======== Data section
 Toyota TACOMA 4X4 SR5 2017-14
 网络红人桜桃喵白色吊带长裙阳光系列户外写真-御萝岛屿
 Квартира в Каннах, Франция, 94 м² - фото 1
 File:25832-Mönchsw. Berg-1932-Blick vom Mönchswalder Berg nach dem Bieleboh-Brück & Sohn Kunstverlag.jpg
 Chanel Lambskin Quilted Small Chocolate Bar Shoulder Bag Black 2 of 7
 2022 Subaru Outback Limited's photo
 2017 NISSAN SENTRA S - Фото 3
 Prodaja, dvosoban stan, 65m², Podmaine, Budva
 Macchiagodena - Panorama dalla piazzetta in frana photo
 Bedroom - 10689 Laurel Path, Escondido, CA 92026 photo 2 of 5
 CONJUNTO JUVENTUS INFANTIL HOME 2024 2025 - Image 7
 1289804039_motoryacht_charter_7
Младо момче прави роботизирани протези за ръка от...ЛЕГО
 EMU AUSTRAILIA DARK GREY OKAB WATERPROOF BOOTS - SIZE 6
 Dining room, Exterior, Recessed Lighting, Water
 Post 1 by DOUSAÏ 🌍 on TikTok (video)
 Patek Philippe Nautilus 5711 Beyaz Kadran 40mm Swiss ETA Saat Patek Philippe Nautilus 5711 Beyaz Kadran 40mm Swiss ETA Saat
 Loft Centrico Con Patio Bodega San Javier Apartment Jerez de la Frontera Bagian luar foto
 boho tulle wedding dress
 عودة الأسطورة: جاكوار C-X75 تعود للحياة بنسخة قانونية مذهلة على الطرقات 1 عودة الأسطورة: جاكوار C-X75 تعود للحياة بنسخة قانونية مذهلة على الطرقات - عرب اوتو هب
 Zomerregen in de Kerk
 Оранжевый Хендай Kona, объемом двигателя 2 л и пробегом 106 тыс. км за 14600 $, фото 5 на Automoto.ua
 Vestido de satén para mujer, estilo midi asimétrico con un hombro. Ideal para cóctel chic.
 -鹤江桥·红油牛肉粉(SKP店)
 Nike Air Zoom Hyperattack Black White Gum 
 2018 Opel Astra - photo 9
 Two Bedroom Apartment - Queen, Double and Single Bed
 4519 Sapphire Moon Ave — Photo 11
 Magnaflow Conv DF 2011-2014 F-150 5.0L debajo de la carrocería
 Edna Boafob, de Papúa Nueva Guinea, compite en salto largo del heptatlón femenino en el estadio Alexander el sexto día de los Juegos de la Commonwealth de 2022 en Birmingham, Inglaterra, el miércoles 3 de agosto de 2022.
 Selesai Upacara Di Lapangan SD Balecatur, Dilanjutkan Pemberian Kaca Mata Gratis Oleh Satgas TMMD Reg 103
================
- _Work to be completed_: Count up the lines in the preceding data that include the word "Apartment"; respond with the number only.

- _Exercise output_: 2